We describe a more complex myosin cross-bridge model that uses multiple springs to replicate myosin’s force-generating
power stroke and account for the effects of lattice spacing and radial force. The four springs which comprise this model (the 4sXB) correspond to the mechanically relevant portions of myosin’s structure. As occurs in vivo, the 4sXB’s state-transition kinetics and force-production dynamics vary with lattice spacing. Additionally, we describe a simpler two-spring cross-bridge (2sXB) model which produces results similar to those of the 4sXB model. Unlike the 4sXB model, the 2sXB model requires no iterative techniques, making it more computationally efficient. The rate at which both multi-spring cross-bridges bind and generate force decreases as lattice spacing grows. The axial force generated
by each cross-bridge BMS-754807 manufacturer as it undergoes a power stroke increases as lattice spacing grows. The radial force that a cross-bridge produces as it undergoes a power stroke varies from expansive to compressive as lattice spacing increases. Importantly, these results mirror those for intact, contracting muscle force production.”
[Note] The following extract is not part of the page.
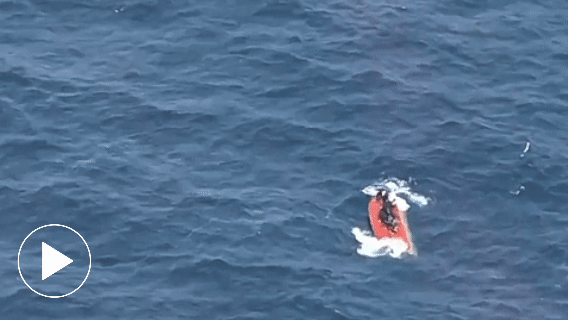 Thảm cảnh thuyền chở 100 người bị lật úp 70 người mất tích: Nhói lòng cảnh nạn nhân chờ ứng cứu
“A strong coupling between local charging and the specific volume of a polymer surface was exploited for topographic patterning. The charges were deposited locally using an atomic force microscope (AFM) tip sliding over the surface at moderate bias voltages of up to 5 V. The same tip was Selleck Caspase inhibitor used to measure both topography (using the AFM imaging mode) and charge (using the Kelvin Probe Force Microscopy method). The height of the obtained structures can reach several nanometers. With an estimated depth of the charge of 1 to 10 nm, this corresponds to an increase of specific volume of 10 to 100%. It is shown that the structures and the charges can be erased Cell Cycle inhibitor independently from each other. The charging is discussed in the context of molecular rearrangements necessary to store charge. (C) 2011
American Institute of Physics. [doi:10.1063/1.3600211]“
“We estimated genetic parameters for egg production in different periods by means of random regression models, aiming at selection based on partial egg production from a generation of layers. The production was evaluated for each individual by recording the number of eggs produced from 20 to 70 weeks of age, with partial records taken every three weeks for a total of 17 periods. The covariance functions were estimated with a random regression model by the restricted maximum likelihood method. A model composed of third-order polynomials for the additive effect, ninth-order polynomials for the permanent environment, and a residual variance structure with five distinct classes, was found to be most suitable for adjusting the egg production data for laying hens. The heritability estimates varied from 0.04 to 0.14. The genetic correlations were all positive, varying from 0.10 to 0.99.